The MC prevalence by age group in the model base year (2014) was from the South African National HIV Prevalence, Incidence and Behaviour Survey, 2012 [5]. The unit cost of VMMC used in the analysis was $125 USD, as estimated by local stakeholders based roughly on an expenditure analysis conducted by the PEPFAR team in South Africa in 2013. (All subsequent references to currency are in U.S. dollars, and all costs are economic costs from the funder perspective, including above-facility-level costs.) For antiretroviral therapy (ART), we used a cost per patient year of treatment of $377 from the National AIDS Cost Model, provided on February 17, 2014 by Gesine Meyer-Rath (a specialist in the economics of HIV and ART in resource-limited settings at the Health Economics and Epidemiology Research Office, University of Witwatersrand, South Africa). ART costs included the total cost of ART provision, including personnel, facility costs, and above-facility-level costs.
Analytical Approaches
To examine the effect of client age on the impact of scaling up VMMC, we identified individual five-year age groups and several combined age groups, such as 10–34 or 15–29. For each individual or combined age group, we created a scenario that assumed a target of 80% MC coverage for the age group in question and left the target for the other age groups at the same level as the baseline. Each scenario scaled up MC coverage between 2014 and 2018, by applying a linear interpolation to the baseline MC prevalence for each age group in 2013 and the target coverage in 2018. After 2018, the coverage for each age group was maintained at the target level. For each scenario, we compiled the decrease in HIV incidence in the scale-up scenario compared with the baseline scenario in each year of the model, and the total number of circumcisions required during the scale-up phase (2014–2018). The following model outputs for each scenario were measured over the 15-year period between 2014 and 2028, inclusive: the total number of HIV infections averted in the population (including secondary infections averted among females; see above); the number of VMMCs per HIV infection averted; the total cost of the VMMC program; the total number of HIV infections averted; and the total cost of the VMMC program. Costs, numbers of circumcisions, and infections averted were all discounted at a rate of 5% per year [13]. Uncertainty around the age distribution of HIV incidence was calculated as described in [11].
To examine the differences in impact and cost-effectiveness across South Africa’s provinces, we compiled the cost per HIV infection averted over the 15-year period 2014–2018, inclusive, from each provincial DMMPT 2.0 file.

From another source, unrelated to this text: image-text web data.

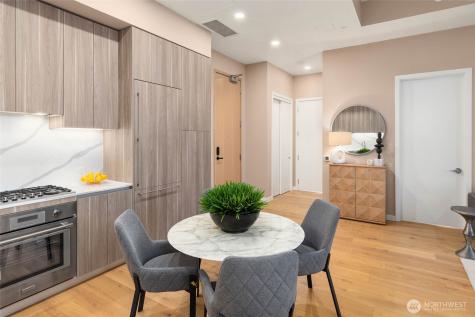 10232 NE 10th Street Bellevue WA 98004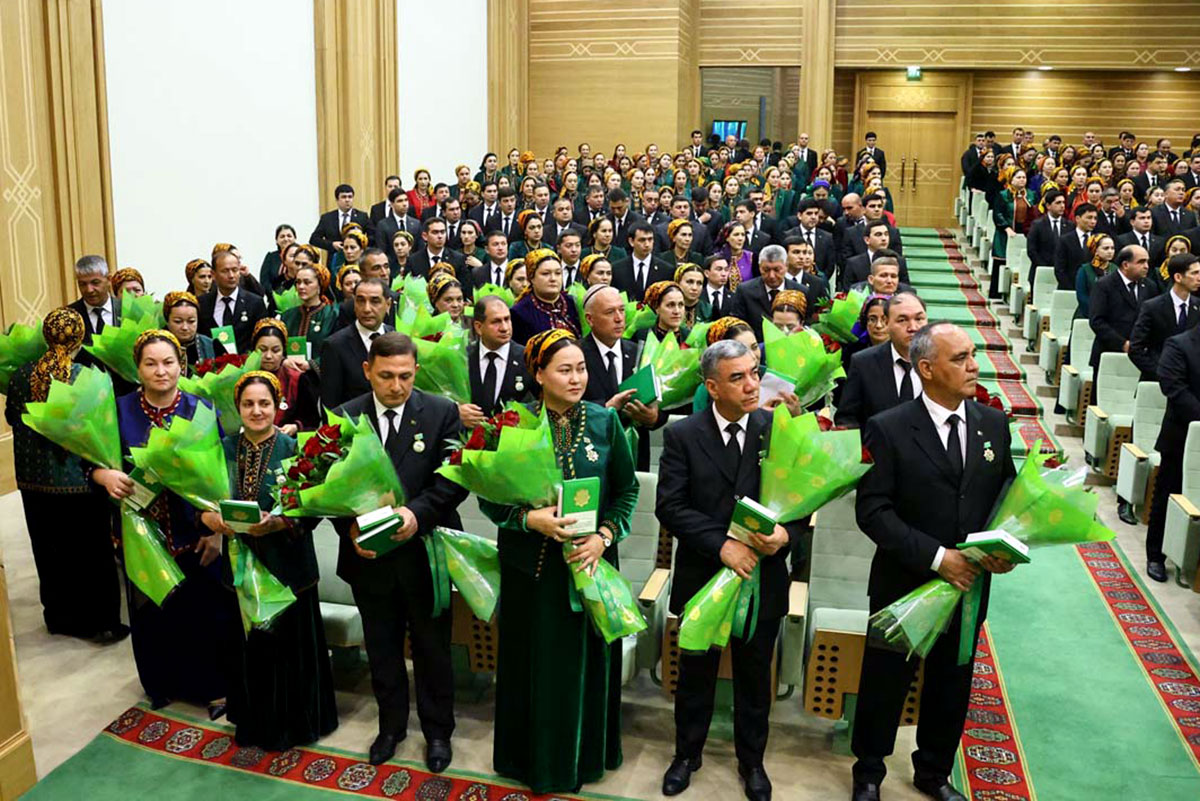 Top Workers and Creative Figures of Turkmenistan Awarded State Honors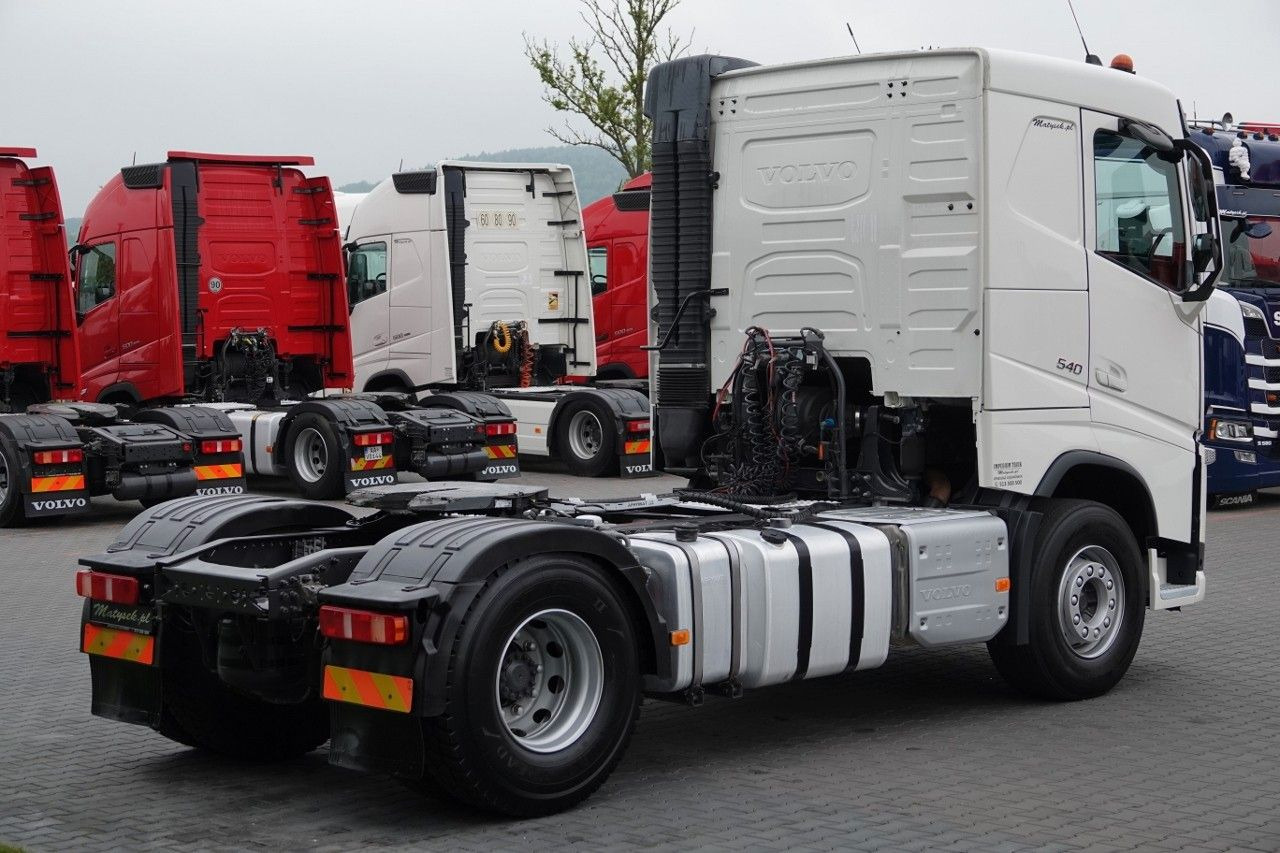 Volvo FH 540 /HYDRAULIKA DWUOBWODOWA / NISKA KABINA - Tegljač: slika 5 Volvo FH 540 /HYDRAULIKA DWUOBWODOWA / NISKA KABINA - Tegljač: slika 5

The VMMC scale-up scenario used for this analysis was to scale up MC coverage to 80% among males ages 10–34. Uncertainty around the provincial estimates was calculated as follows: The Spectrum/AIM Uncertainty Analysis tool was run on each individual provincial Spectrum/AIM file described above. The median, lower 2.5%, and upper 97.5% bounds around the adult (ages 15–49) HIV incidence for the year 2020 were extracted from the Uncertainty tool. DMPPT 2.0 files for each region were created representing the lower and upper bounds of the HIV incidence, by multiplying the incidence in the original file by the ratio of the lower to median or upper to median values. Cost per HIV infection averted extracted from the lower bound file for each region was used as the upper bound in the analysis, and conversely for the lower bound. The lower bound of the HIV treatment cost averted was extracted from the lower bound HIV incidence file and vice versa. (Lower HIV incidence leads to higher VMMC cost per HIV infection averted and a lower treatment cost averted.)
Results
Age Analyses
The paper in this collection on methods [11] describes a framework comprising four metrics for assessing the impact and efficiency of VMMC using this model approach: the number of VMMCs per HIV infection averted (over 15 years), immediacy of impact (reduction in HIV incidence over five years), magnitude of impact (reduction in HIV incidence over 15 years), and cost-effectiveness (cost per HIV infection averted, over 15 years).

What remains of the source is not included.